[PROMPT]
Every line below should be repeated exactly.

--------------------------------------------------

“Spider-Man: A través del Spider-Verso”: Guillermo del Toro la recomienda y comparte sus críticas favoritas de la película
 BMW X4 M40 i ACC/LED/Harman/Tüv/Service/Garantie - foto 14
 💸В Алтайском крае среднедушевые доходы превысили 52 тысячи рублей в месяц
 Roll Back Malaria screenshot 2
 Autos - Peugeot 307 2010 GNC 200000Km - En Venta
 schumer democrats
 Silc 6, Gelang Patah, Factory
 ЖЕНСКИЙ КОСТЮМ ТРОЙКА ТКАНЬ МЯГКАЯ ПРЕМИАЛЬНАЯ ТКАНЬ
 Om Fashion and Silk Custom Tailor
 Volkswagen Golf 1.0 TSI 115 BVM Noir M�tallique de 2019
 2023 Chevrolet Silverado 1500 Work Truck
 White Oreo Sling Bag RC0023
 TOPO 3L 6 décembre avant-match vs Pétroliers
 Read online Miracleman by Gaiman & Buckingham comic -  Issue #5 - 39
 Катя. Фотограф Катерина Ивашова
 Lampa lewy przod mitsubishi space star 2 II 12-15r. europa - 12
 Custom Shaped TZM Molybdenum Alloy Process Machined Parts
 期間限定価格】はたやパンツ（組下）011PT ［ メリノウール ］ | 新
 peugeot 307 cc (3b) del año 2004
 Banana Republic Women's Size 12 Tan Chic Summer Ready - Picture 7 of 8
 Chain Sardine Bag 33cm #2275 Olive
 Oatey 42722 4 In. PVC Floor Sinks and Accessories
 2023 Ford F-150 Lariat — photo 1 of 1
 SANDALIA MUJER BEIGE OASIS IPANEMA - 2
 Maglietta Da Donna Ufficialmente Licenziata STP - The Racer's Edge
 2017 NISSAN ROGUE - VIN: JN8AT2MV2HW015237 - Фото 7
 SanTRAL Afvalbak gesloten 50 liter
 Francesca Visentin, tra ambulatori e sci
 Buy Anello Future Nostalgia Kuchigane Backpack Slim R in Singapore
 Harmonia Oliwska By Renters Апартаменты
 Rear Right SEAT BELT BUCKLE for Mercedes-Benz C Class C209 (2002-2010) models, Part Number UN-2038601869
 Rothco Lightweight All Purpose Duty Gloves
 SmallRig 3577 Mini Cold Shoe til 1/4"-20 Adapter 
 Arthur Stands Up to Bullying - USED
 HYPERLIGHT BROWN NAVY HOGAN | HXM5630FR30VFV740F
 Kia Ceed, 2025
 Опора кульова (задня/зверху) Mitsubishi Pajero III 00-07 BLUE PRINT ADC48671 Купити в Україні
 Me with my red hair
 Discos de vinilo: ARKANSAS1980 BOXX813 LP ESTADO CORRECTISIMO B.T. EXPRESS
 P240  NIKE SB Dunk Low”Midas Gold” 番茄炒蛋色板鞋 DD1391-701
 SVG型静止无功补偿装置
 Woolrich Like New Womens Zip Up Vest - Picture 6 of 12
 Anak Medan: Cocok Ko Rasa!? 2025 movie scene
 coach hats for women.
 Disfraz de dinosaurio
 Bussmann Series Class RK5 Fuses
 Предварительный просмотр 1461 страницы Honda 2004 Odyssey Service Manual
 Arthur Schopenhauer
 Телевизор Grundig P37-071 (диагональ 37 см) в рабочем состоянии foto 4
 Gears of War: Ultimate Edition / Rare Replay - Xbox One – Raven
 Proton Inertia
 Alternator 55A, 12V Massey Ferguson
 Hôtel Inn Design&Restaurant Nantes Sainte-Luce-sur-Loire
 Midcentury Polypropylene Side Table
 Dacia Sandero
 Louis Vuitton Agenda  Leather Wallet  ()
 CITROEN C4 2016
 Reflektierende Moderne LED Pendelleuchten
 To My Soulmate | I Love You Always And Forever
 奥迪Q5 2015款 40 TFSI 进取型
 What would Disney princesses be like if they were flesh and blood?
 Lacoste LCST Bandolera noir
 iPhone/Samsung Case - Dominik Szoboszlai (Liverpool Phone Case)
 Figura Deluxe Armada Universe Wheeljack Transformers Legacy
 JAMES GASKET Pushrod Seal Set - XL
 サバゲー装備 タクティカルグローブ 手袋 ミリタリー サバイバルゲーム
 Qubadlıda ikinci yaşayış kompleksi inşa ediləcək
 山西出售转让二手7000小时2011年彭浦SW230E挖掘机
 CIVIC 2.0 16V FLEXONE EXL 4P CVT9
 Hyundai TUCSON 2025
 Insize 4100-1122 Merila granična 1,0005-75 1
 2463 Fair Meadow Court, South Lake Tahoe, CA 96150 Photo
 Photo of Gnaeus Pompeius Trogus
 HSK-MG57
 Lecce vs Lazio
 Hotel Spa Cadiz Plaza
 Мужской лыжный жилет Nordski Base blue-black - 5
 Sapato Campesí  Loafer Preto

--------------------------------------------------

[RESPONSE TO THE EXERCISE]
“Spider-Man: A través del Spider-Verso”: Guillermo del Toro la recomienda y comparte sus críticas favoritas de la película
 BMW X4 M40 i ACC/LED/Harman/Tüv/Service/Garantie - foto 14
 💸В Алтайском крае среднедушевые доходы превысили 52 тысячи рублей в месяц
 Roll Back Malaria screenshot 2
 Autos - Peugeot 307 2010 GNC 200000Km - En Venta
 schumer democrats
 Silc 6, Gelang Patah, Factory
 ЖЕНСКИЙ КОСТЮМ ТРОЙКА ТКАНЬ МЯГКАЯ ПРЕМИАЛЬНАЯ ТКАНЬ
 Om Fashion and Silk Custom Tailor
 Volkswagen Golf 1.0 TSI 115 BVM Noir M�tallique de 2019
 2023 Chevrolet Silverado 1500 Work Truck
 White Oreo Sling Bag RC0023
 TOPO 3L 6 décembre avant-match vs Pétroliers
 Read online Miracleman by Gaiman & Buckingham comic -  Issue #5 - 39
 Катя. Фотограф Катерина Ивашова
 Lampa lewy przod mitsubishi space star 2 II 12-15r. europa - 12
 Custom Shaped TZM Molybdenum Alloy Process Machined Parts
 期間限定価格】はたやパンツ（組下）011PT ［ メリノウール ］ | 新
 peugeot 307 cc (3b) del año 2004
 Banana Republic Women's Size 12 Tan Chic Summer Ready - Picture 7 of 8
 Chain Sardine Bag 33cm #2275 Olive
 Oatey 42722 4 In. PVC Floor Sinks and Accessories
 2023 Ford F-150 Lariat — photo 1 of 1
 SANDALIA MUJER BEIGE OASIS IPANEMA - 2
 Maglietta Da Donna Ufficialmente Licenziata STP - The Racer's Edge
 2017 NISSAN ROGUE - VIN: JN8AT2MV2HW015237 - Фото 7
 SanTRAL Afvalbak gesloten 50 liter
 Francesca Visentin, tra ambulatori e sci
 Buy Anello Future Nostalgia Kuchigane Backpack Slim R in Singapore
 Harmonia Oliwska By Renters Апартаменты
 Rear Right SEAT BELT BUCKLE for Mercedes-Benz C Class C209 (2002-2010) models, Part Number UN-2038601869
 Rothco Lightweight All Purpose Duty Gloves
 SmallRig 3577 Mini Cold Shoe til 1/4"-20 Adapter 
 Arthur Stands Up to Bullying - USED
 HYPERLIGHT BROWN NAVY HOGAN | HXM5630FR30VFV740F
 Kia Ceed, 2025
 Опора кульова (задня/зверху) Mitsubishi Pajero III 00-07 BLUE PRINT ADC48671 Купити в Україні
 Me with my red hair
 Discos de vinilo: ARKANSAS1980 BOXX813 LP ESTADO CORRECTISIMO B.T. EXPRESS
 P240  NIKE SB Dunk Low”Midas Gold” 番茄炒蛋色板鞋 DD1391-701
 SVG型静止无功补偿装置
 Woolrich Like New Womens Zip Up Vest - Picture 6 of 12
 Anak Medan: Cocok Ko Rasa!? 2025 movie scene
 coach hats for women.
 Disfraz de dinosaurio
 Bussmann Series Class RK5 Fuses
 Предварительный просмотр 1461 страницы Honda 2004 Odyssey Service Manual
 Arthur Schopenhauer
 Телевизор Grundig P37-071 (диагональ 37 см) в рабочем состоянии foto 4
 Gears of War: Ultimate Edition / Rare Replay - Xbox One – Raven
 Proton Inertia
 Alternator 55A, 12V Massey Ferguson
 Hôtel Inn Design&Restaurant Nantes Sainte-Luce-sur-Loire
 Midcentury Polypropylene Side Table
 Dacia Sandero
 Louis Vuitton Agenda  Leather Wallet  ()
 CITROEN C4 2016
 Reflektierende Moderne LED Pendelleuchten
 To My Soulmate | I Love You Always And Forever
 奥迪Q5 2015款 40 TFSI 进取型
 What would Disney princesses be like if they were flesh and blood?
 Lacoste LCST Bandolera noir
 iPhone/Samsung Case - Dominik Szoboszlai (Liverpool Phone Case)
 Figura Deluxe Armada Universe Wheeljack Transformers Legacy
 JAMES GASKET Pushrod Seal Set - XL
 サバゲー装備 タクティカルグローブ 手袋 ミリタリー サバイバルゲーム
 Qubadlıda ikinci yaşayış kompleksi inşa ediləcək
 山西出售转让二手7000小时2011年彭浦SW230E挖掘机
 CIVIC 2.0 16V FLEXONE EXL 4P CVT9
 Hyundai TUCSON 2025
 Insize 4100-1122 Merila granična 1,0005-75 1
 2463 Fair Meadow Court, South Lake Tahoe, CA 96150 Photo
 Photo of Gnaeus Pompeius Trogus
 HSK-MG57
 Lecce vs Lazio
 Hotel Spa Cadiz Plaza
 Мужской лыжный жилет Nordski Base blue-black - 5
 Sapato Campesí  Loafer Preto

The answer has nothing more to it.